Our recent visit to the Kiscelli Museum came with the extra bonus of a free ticket to either the Castle or the Aquincum museums, which can be used for up to 30 days from the purchase of the first ticket. Emboldened by this prospective, we decided to go for the Aquincum museum, which proved to be a very wise decision, as the first real summery day of the year then led us to an exploration of the Római-part as well. Though, as they say, we’re kind of talented at finding a cloud in every silver lining, the sunshiny weather attracted quite a throng to the riverbank, composed of people, dogs and bikes in random arrangements- sadly no dogs literally riding the bikes, just a few tucked away in baskets, but perhaps the Fellini Kultúrbisztró could ponder a somewhat fellinian dog on a bicycle circus act for the future.

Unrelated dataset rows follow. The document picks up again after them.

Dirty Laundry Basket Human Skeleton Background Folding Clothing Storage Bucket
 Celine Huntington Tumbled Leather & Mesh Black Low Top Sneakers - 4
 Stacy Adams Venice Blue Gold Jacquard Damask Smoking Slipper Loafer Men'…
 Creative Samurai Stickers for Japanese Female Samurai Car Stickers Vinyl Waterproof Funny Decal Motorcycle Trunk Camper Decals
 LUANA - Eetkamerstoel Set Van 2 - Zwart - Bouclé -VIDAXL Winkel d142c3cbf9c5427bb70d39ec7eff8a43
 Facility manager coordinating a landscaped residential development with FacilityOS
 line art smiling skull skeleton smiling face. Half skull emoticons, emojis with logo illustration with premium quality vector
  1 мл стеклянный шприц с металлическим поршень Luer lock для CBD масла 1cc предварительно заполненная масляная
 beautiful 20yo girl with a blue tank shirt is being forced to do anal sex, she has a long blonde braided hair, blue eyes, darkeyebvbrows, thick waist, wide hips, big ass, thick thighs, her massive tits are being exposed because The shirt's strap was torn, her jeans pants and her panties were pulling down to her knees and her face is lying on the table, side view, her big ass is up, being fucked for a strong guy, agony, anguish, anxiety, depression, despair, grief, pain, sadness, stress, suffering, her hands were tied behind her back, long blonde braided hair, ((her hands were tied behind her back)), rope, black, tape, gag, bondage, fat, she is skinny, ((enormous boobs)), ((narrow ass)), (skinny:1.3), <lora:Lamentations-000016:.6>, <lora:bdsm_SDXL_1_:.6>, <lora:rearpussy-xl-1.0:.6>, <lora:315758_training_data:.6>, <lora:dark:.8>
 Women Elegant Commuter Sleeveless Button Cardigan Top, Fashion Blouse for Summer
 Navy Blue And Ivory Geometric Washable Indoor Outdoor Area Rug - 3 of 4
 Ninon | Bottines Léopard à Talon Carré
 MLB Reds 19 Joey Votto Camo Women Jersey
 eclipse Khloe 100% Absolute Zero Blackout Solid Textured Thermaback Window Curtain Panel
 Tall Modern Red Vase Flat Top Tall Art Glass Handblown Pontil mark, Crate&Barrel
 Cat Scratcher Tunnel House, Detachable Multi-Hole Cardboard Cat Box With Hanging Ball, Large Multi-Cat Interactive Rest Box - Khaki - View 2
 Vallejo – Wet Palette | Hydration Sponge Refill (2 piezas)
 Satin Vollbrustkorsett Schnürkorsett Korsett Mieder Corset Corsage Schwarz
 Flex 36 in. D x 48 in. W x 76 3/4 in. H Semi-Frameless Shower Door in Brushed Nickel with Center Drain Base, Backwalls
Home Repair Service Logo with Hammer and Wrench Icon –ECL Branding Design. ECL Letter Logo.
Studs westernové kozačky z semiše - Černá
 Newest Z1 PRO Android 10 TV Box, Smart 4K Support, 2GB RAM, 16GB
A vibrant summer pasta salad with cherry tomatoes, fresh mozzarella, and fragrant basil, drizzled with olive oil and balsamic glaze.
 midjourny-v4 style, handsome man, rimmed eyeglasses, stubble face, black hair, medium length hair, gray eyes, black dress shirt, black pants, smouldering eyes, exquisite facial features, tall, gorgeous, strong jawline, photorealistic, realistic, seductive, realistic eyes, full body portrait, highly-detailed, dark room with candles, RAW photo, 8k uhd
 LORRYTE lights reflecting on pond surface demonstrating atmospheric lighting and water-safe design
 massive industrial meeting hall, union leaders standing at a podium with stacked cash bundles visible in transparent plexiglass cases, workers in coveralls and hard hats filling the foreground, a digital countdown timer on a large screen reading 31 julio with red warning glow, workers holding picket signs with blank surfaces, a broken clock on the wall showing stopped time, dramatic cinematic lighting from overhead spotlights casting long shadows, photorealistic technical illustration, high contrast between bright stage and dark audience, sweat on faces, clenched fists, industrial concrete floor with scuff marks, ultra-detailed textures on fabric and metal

Reaching the Aquincum museum is kind of a no brainer- you just need to get off suburban railway line H5 at the Aquincum stop and walk a little backwards. You’ll soon start seeing the rubbly remains of the old Roman settlement, and a Roman looking hand will point the way to the entrance for the entire final stretch. The museum boldly advertises itself as the Hungarian Pompei, though that might be a bit overblown, and we should also be pretty grateful that the Hármashatár and János hills on the horizon lack any Vesuvian ambitions.
It is however laudable that the museum tries to promote itself in alternative ways and appeal to newer and tech savvier generations, though I remain a sucker for the good old artifact dug up from the bellows of the earth. Of those Aquincum has plenty, perhaps the most exciting being the pipe organ which is one of the best preserved in the world, plus a wide-ranging array of pots and pans, glassware and coins- I was pleased to discover several bearing my name, which suddenly made me feel very connected to the probable Roman ancestry I should have.
There is an intriguing bit of the collection dedicated to dark spells, which the Romans seemed very keen on, with the old artefacts juxtaposed with a story shown as a comic strip (it’s perhaps high time for the breathtaking tales of some Aquincum based Roman adventurers), plus a version of the so-called Tabula Peutingeriana, an ancient Roman road map, which groups places according to their placement on particular Roman roads.
It can thus seem rather odd to our modern eyes, with Aquincum being shown way closer to Rome than let’s say the castrum of Porolissum, which lay in the proximity of both the Romanian city of Zalău and my mother’s home village. Porolissum also lay on a limes, or Roman fortified frontier, and as a child I often wondered whether I preferred my ancestors to have been the free roaming Dacians which I pictured like benign if slightly alcohol imbued sylvan fairies, or the scientific and road building Romans. Investigating the manifold baths of Aquincum and comparing them to the possible hygiene options of the Dacians, my older self is now strongly inclined towards the imperial side of the problem.
The museum also offers some glimpses into pre-Roman Budapest, of which my favourite bunch are the Celtic Eraviscan tribe, who had a rather complex culture which was centred around the Gellért hill- they were conquered by the Romans around 12 BC and some of the locals probably became the not wholly enthusiastic inhabitants of the newly founded Aquincum.
Returning to the exciting subject of the limes, the so-called limes Pannonica, on which Aquincum was a border fortification, ran along the Danube from the Vienna Basin to the castrum of Singidunum, today’s Belgrade. We thus united to the flow of history as we rather less majestically tread up the limes, through a sedate neighbourhood basking in the Sunday sunlight towards the Római part.
Once lined with water mills, today’s Római-part (which translates literally as Roman riverbank) is mostly meant for rowing, boating, biking to and from Szentendre and consuming enormous quantities of European hake, which is on offer at basically all of the restaurants dotting the riverbank. Of these there are very many, most of them running in a self-service buffet mode, yet on a good day they are invariably crowded, with long queues leading up to the bar.
Despite my Portuguese ode to fish, hake is still somewhat off limits to me, as it festers with tiny bones, so my primary choices for hanging out on Római are the rather more burgers and grilled meat minded locations of Fellini Kultúrbistro and Nap bácsi. Both have super comfy sunbeds right at the edge of the river, thus being a perfect location for a relaxing read with the gentle sound of the Danube’s waters washing up ashore in the background. Either that, or an extremely loud and extremely obnoxious homo sapiens on a motorboat disturbing the primeval peace of the river.
For our return to the city centre we chose to follow the bike road all the way to the Kaszásdűlő HÉV station, on which we were the only pedestrians, but our silly endeavour was rewarded with an extremely pleasant pit stop at This Is Melbourne Too, My Little Melbourne’s outer city little brother, located in a leafy nook near the IBS campus.